BRIEF
In the listing below, pick out lines with "Inch".
- - - -
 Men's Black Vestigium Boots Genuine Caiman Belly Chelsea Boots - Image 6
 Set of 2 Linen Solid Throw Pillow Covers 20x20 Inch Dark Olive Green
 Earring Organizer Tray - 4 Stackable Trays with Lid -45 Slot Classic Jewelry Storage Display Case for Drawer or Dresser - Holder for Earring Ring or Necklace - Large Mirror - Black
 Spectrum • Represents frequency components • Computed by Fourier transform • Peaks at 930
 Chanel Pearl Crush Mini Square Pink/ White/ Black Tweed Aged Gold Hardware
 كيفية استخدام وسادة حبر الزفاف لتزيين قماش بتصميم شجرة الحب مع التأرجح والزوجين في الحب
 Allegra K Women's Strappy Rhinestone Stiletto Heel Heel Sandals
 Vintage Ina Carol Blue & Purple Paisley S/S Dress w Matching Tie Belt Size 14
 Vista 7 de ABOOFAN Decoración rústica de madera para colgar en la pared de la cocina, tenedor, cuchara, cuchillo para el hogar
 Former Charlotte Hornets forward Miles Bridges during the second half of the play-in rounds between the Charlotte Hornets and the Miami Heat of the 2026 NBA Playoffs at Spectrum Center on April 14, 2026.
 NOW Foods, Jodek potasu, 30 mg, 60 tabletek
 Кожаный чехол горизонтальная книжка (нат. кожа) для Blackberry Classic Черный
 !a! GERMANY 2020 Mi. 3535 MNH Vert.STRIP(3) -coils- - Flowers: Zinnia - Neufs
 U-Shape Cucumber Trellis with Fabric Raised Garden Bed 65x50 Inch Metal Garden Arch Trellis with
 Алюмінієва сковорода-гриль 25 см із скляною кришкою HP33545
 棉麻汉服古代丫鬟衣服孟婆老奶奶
- - - -
ANSWER BOX
 Set of 2 Linen Solid Throw Pillow Covers 20x20 Inch Dark Olive Green
 U-Shape Cucumber Trellis with Fabric Raised Garden Bed 65x50 Inch Metal Garden Arch Trellis with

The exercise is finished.